The narrative of the woman at the well is a story about smashing barriers. The woman mounted significant barriers. She erected a barrier of prejudice. Jews and Samaritans hated each other to the core. She erected the barrier of social custom. Jewish men and women did not interact in public. There was the barrier that Jesus was an “outsider” to the Samaritan woman. Usually Jews did not travel in Samaria. Finally, there was the barrier of dishonesty. The woman did not “level”with Jesus about her life.

Here is the question: What are the barriers in our lives that keep us from connecting with Jesus?

Sunday March 22, 2020                                 4th Sunday in Lent                                                                                         

Scripture Lesson: John 9:1-41                                                                                                                                                        Sermon Title:  “Here’s Mud in Your Eye”                                                                                                                                  The Rev. Pamela Wagner, Preaching

“As Jesus walked along, he saw a man blind from birth. Thus begins the first act of the story. In John’s Gospel, Jesus sees a blind man who survives by begging. Jesus does a very strange thing. He puts mud in the man’s eyes and sends him to a pool of Siloam to wash. The word “Siloam” meant “sent.” The blind man was sent to “Sent” and told to wash.

He came back seeing, but by this time, Jesus has disappeared. Jesus, in fact, disappears from the story for a long time.


Now the formerly blind man’s neighbors begin arguing. Was the man now standing before them actually the same man who was born blind? How could that be? The man says, “Yes, it is me!”“Well, who did it?” “Jesus.” “Well, where did he go?” “I don’t know.”

We have the man who is now able to see with his eyes, but not with his heart. He does not know the one who had sent him. 

Do we?

Sunday, March 29, 2020                                     5th Sunday in Lent

Scripture Lesson: Romans 8:6-11
Sermon Title: “What’s In Your Nest?”                                                                                                                                        The Rev. Dr. Larry R. Norris, Preaching

We learn from Paul in the New Testament book of Romans that our personalities are not unlike two natures that live in one nest. One “nature pulls us to the things of this “world,” and the other “nature” pulls us toward the things of the “Spirit.” The question is, “Which nature are we nurturing?”

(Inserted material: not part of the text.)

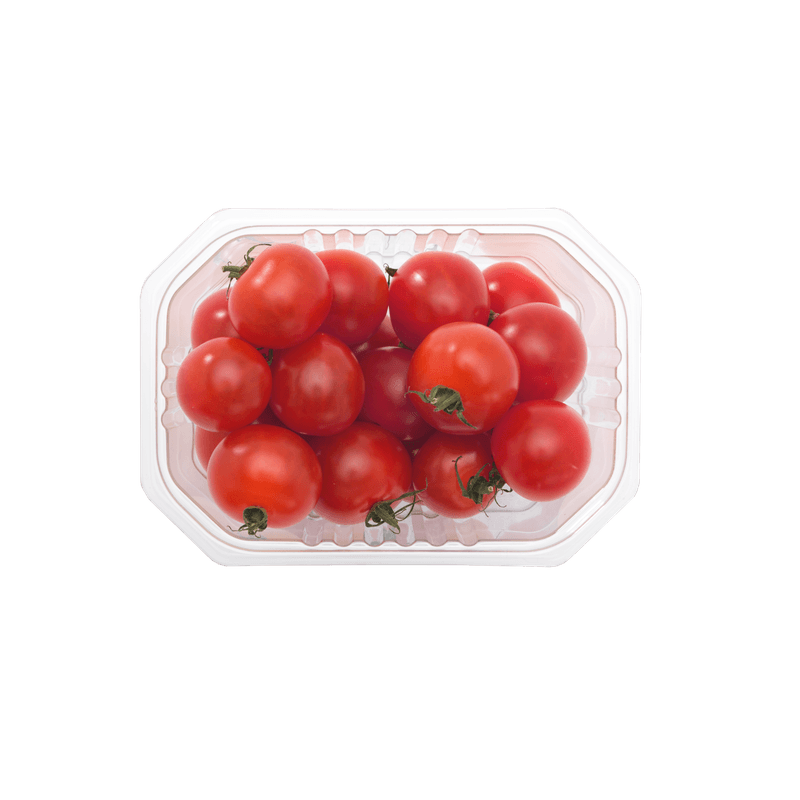 1 De Beste Cherry tomaten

The real question before us this week is to explore the meaning of authentic spirituality. When Paul talks about the “flesh” and the “world,” he is talking about anything that puts God as less than top priority in our lives. In John 4, Jesus tells the woman at the well that he will give her a “spring of water gushing up to eternal life.”

What is this living water? One thing seems certain. Jesus is not talking about “religion.” He is showing us something
deeper and more significant, and that centers around a deep “spirituality” that empowers us to worship God “in spirit and in truth.”

Sunday, April 5, 2020                                                  Palm Sunday               (Holy Communion)
Scripture Lesson: Matthew 21:1-11
Sermon Title: “Where Are We In The Crowd?”                                                                                                                            The Rev. Dr. Larry R. Norris, Preaching

With Jesus’ entry into Jerusalem at the time of Passover we begin the final chapter of his life. He came into the Holy City at a time when it was packed with pilgrims. The streets were congested and the Temple was teeming with out-of-towners. There was always the possibility of trouble.

Demonstrations by protestors, mob violence, and even assassinations were all within the realm of possibility. Here comes Jesus riding into Jerusalem on a colt, and he is greeted like any other pilgrim at this time: “Blessed is the
one who comes in the name of the Lord” (John 12:13c).

We must be careful to avoid interpreting this event as some kind of shallow “marketing” stunt by Jesus to gain appeal. His convictions were motivated by an awareness of
scripture, history, and the cries of the crowd. Their voices echo their deep hope: “Hosanna,” which means “Save now!”